Publié le 12 Nov 2012 - 21:45
MUSIQUE - CONCERT FONDATION MO IBRAHIM

De belles notes pour la démocratie africaine

 

Quatre grandes figures du hip-hop africain ont assuré, vendredi, au Grand Théâtre National de Dakar, lors du ''Concert de la démocratie'' organisé par la Fondation Mo Ibrahim. Didier Awadi, Nix, La Fouine et Mokobe ont mis le feu en gratifiant l'assistance d’un florilège de titres cultes sur fond sonore acidulé.

 

Mokobe, Awadi, Nix, La Fouine...ont honoré la Démocratie africaine, vendredi au Grand Théâtre National de Dakar, lors d'un concert caritatif à l'initiative de la Fondation Mo Ibrahim. Démarré vers 20 h, l’événement, dont les bénéfices devraient être reversés à la Croix Rouge, a enregistré la présence d'une foule monstre devant les portes de l'établissement culturel, alors que la salle était déjà pleine.
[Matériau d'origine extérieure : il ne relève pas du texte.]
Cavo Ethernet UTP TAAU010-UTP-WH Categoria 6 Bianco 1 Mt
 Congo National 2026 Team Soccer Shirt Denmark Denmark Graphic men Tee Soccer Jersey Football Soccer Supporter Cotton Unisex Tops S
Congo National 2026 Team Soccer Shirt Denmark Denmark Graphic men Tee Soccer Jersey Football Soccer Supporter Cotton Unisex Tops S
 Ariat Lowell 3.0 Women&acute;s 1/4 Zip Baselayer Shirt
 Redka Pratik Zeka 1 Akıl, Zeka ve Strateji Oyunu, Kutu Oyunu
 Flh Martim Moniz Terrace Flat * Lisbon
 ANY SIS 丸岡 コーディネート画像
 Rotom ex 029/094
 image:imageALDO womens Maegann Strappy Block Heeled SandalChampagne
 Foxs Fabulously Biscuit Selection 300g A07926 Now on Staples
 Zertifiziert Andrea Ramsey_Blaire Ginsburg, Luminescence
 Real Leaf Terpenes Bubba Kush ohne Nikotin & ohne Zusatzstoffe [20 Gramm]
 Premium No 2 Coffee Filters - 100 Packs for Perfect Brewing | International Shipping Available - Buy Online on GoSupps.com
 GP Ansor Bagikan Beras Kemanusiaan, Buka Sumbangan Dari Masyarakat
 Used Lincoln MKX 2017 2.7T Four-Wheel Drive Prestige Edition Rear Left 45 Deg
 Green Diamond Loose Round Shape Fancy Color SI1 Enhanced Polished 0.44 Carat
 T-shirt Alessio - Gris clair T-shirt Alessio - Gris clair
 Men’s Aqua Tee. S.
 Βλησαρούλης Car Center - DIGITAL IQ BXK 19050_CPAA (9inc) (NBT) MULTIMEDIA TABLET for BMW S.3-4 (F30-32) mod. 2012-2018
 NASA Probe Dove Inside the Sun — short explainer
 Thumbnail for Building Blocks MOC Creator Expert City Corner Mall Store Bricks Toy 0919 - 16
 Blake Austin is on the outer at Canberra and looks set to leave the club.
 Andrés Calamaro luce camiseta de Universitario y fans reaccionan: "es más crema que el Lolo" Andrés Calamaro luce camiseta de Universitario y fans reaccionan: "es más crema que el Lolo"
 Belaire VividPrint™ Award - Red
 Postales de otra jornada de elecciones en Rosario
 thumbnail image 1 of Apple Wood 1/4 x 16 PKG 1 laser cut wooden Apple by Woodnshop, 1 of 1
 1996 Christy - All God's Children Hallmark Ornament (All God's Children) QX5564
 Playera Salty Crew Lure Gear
A 21 h, il y avait encore plus d’une centaine de personnes faisant la queue dehors.

 

Dès les premières notes entonnées, le public, en majorité des gens âgés de 15-25 ans, était tout acquis à la cause des artistes. C'est que le staff d’organisation du concert a eu la bonne idée d'une programmation qui a ratissé large. Côté scène, les différents intervenants ont pu profiter de l’accompagnement d’un matériel dernier cri, aussi bien au niveau de la sonorisation que des jeux de lumière qui ont tamisé le grand auditorium de rouge, vert, jaune et blanc, les couleurs de la fondation Mo Ibrahim.

 

Nicolas Omar Diop, alias Nix, a eu l’honneur de donner le coup d’envoi des festivités. Le rappeur du Point E (quartier chic de Dakar) a fait bouger la salle sur quelques-uns de ses titres phares comme ''Zik de Gentleman'' et ''L’Ennemi de l’Afrique''. Puis vint Awadi, le ''Suppa Ndanaane International'' pour gratifier l’audience d’un cocktail de titres issus de ''Ma Révolution'', son nouvel album dans les bacs un jour plus tôt, ainsi que de tubes intemporels de son répertoire, à l’exemple du très entraînant ''Ma Waxoon Waxeet''.

 

La scène s'est ensuite élargie à la diaspora africaine de France avec d’abord Mokobe, dont les parents sont originaires du Mali, puis La Fouine, un enfant du pays, puisque d’origine sénégalaise. Le public a ainsi pu danser sur des titres de l’Homme du 113, à savoir ''C’est dans la Joie'' et ''Safari'' (dont la version originale est d’ailleurs en duo avec Viviane Chidid) avant de se laisser emporter par le flow de celui du 78. Cette prestation de La Fouine a, sans nul doute, connu son apothéose sur la reprise par le rappeur de ''No woman no cry'', un tube de Bob Marley & the Wailers, peu avant que ne s’achève le concert.